Aware as I was of this situation when I joined Fiat, I put forward my own cheeky idea for a name. Triggered by circular motifs in the Ritmo's design, I suggested that we call it the "Berry". We could have a fun time, I thought, calling it Berry Economical, Berry Roomy and Berry Durable. A used one, of course, would be an Elderberry. For some reason this idea didn't gain traction.
After conducting the usual surveys we came up with the name "Strada" for the new model, euphonious and Italian, a neat pairing with Brava. Now we had to get it adopted. We prepared a presentation with our arguments and delivered it to the top Fiat Auto cadre, led by Tuffarelli. Guess who got to make the presentation? Yours truly drew the short straw. We got the name we wanted and the Brits adopted it as well.
Then when I joined Ford of Europe in 1980 I found names on the agenda again. We had some interesting new cars to launch. One was the new Mark III Escort, which was developed under the code name "Erika". Though this was the first Ford car in its class with front-wheel drive, we deliberately kept the Escort name to encourage the British to buy it in spite of their reservations about this radical new feature. The same name was used in North America to support the new Escort's credentials as a "world car".

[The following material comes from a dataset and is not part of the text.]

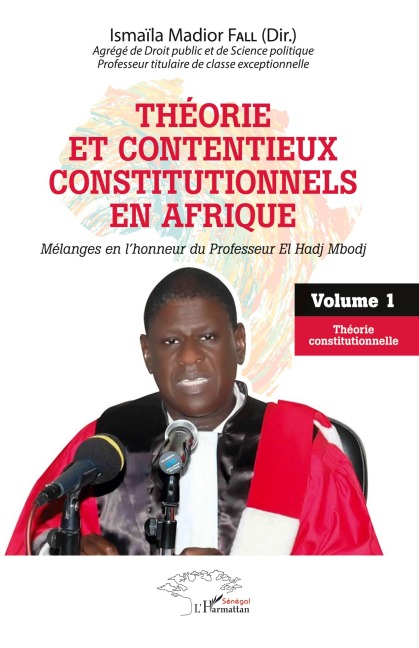 Théorie et contentieux constitutionnels en Afrique - Ismaïla Madior Fall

We took a different tack with our replacement for the evergreen Cortina, for which "Toni" had been the project name. Our decision in this instance was to change the name to underline Toni's newness. We felt that in Germany, a crucial market for the model, the Cortina name had come to stand irrevocably for outdated technology. After much cogitation "Sierra" was the choice, and not a bad one, although we discovered that kit-car maker Tom Dutton had registered it and our lawyers had no easy time acquiring the rights.
We took two other new Fords to market with their project names. One was the Orion, the three-box version of the Escort, and the other was the Scorpio, our replacement for the Granada developed as a stretched Sierra. Here again we wanted a new name to appeal to the Germans.

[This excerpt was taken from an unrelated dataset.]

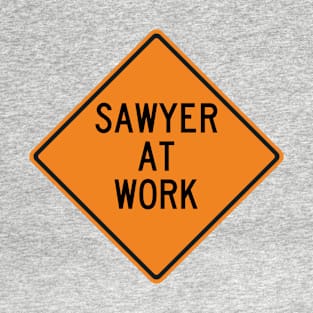 Sawyer at Work Funny Warning Sign T-Shirt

Another naming issue came up when we started exporting the Sierra and Scorpio to North America. We wanted an unique brand name for the New World. I said that I had the answer. Ford owned an excellent brand with an upscale sheen: "Ghia". Instead, in its wisdom Ford came up with "Merkur", which the ads had to explain was pronounced "Mare-Koor". I hardly need add that I felt this was a pretty poor effort, even though it was German for "Mercury".
Car naming was part of my portfolio when I set up an automotive management-consulting company in London in 1983. We brought together a panel of experts to brainstorm possible future names for Bentley and Rolls-Royce models. For Renault we studied the options for naming cars built by the Romanian company it acquired, Dacia. To their surprise, I think, we concluded that Dacia was a perfectly good name with which they should carry on. That's just what they've done in many markets with the new low-cost car being made by Dacia, the Logan.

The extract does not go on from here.